Quali sono le vostre influenze?
“Sicuramente gli Alter Bridge, sia a livello di voce che di genere musicale. Siamo molto simili, anche se con differenze in ambito strumentale, ovvero noi abbiamo anche il pianoforte. Però, a livello chitarristico, i riff e gli assoli sono ben lavorati e c’è anche molta melodia, non solo tecnicismi. Una cosa a cui volevamo puntare. Poi pure a livello di batteria c’è un grosso lavoro, impegno, che non è del classico modern metal”.
La canzone del vostro “catalogo” che più vi rappresenta?
“’186 Steps’, per come è stata scritta, prodotta e per il motivo per cui è stata composta. Ha anche ottenuto buone risposte, sia da noi della band che dagli ascoltatori. Ci sono parti melodiche e acustiche che successivamente diventano distorte e quindi si evolvono. Non è tanto di nicchia’”.
Parliamo ora di live: cosa cambia quando ci si esibisce all’estero?

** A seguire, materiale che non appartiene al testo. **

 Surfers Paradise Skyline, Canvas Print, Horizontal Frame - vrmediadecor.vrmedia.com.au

“Una differenza, che però è la stessa che abbiamo noi italiani quando vediamo una band estera qui, è maggiore curiosità e rispetto, soprattutto da parte dell’ascoltatore. L’ascoltatore sa che tu sei arrivato dall’estero e non conosci la lingua. Quindi l’unica cosa che ha per comunicare è ascoltare le tue canzoni. È una cosa fantastica che dovremmo rifare perché ci ha molto colpito. Poi, nei posti dove siamo stati c’è una grande bontà. Dopo il concerto ti offrivano un bicchiere, la loro camera per lavarti o mangiare”.

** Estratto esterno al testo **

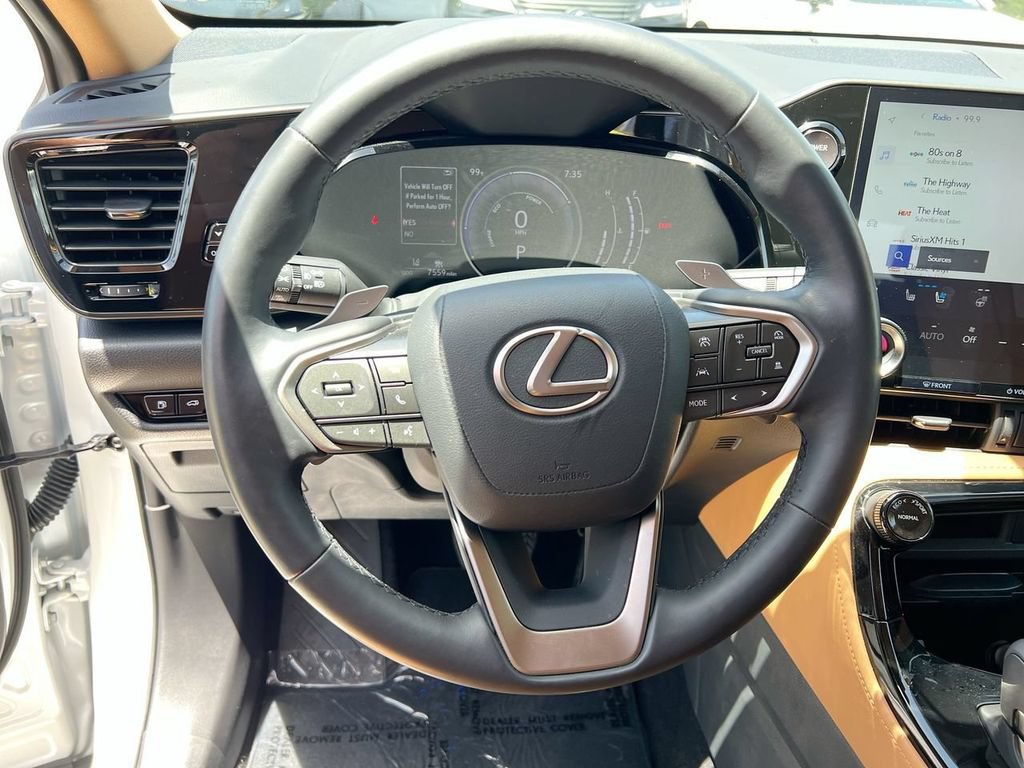 Certified 2025 Lexus NX 350h AWD w/ Accessory Package (Z2) image 13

Come è nata l’idea di rappresentare lo yin e lo yang nella copertina di “Overkind”?
“È stata un’idea di Filippo. Si è pensato di unire il bene e il male, il bianco e il nero per far capire a livello visivo tutti i colori che si possono trovare nel disco. E unire tutto al logo è stato affascinante. È bello poi che qualche persona riesca a trovare quel simbolo, e magari collegarlo a una determinata canzone dell’album”.
Attualmente in cosa siete impegnati?
“Stiamo facendo un tour unplugged per la prima volta. È molto affascinante perché è tutta un’altra situazione, un altro ambiente. Stiamo imparando parecchio”.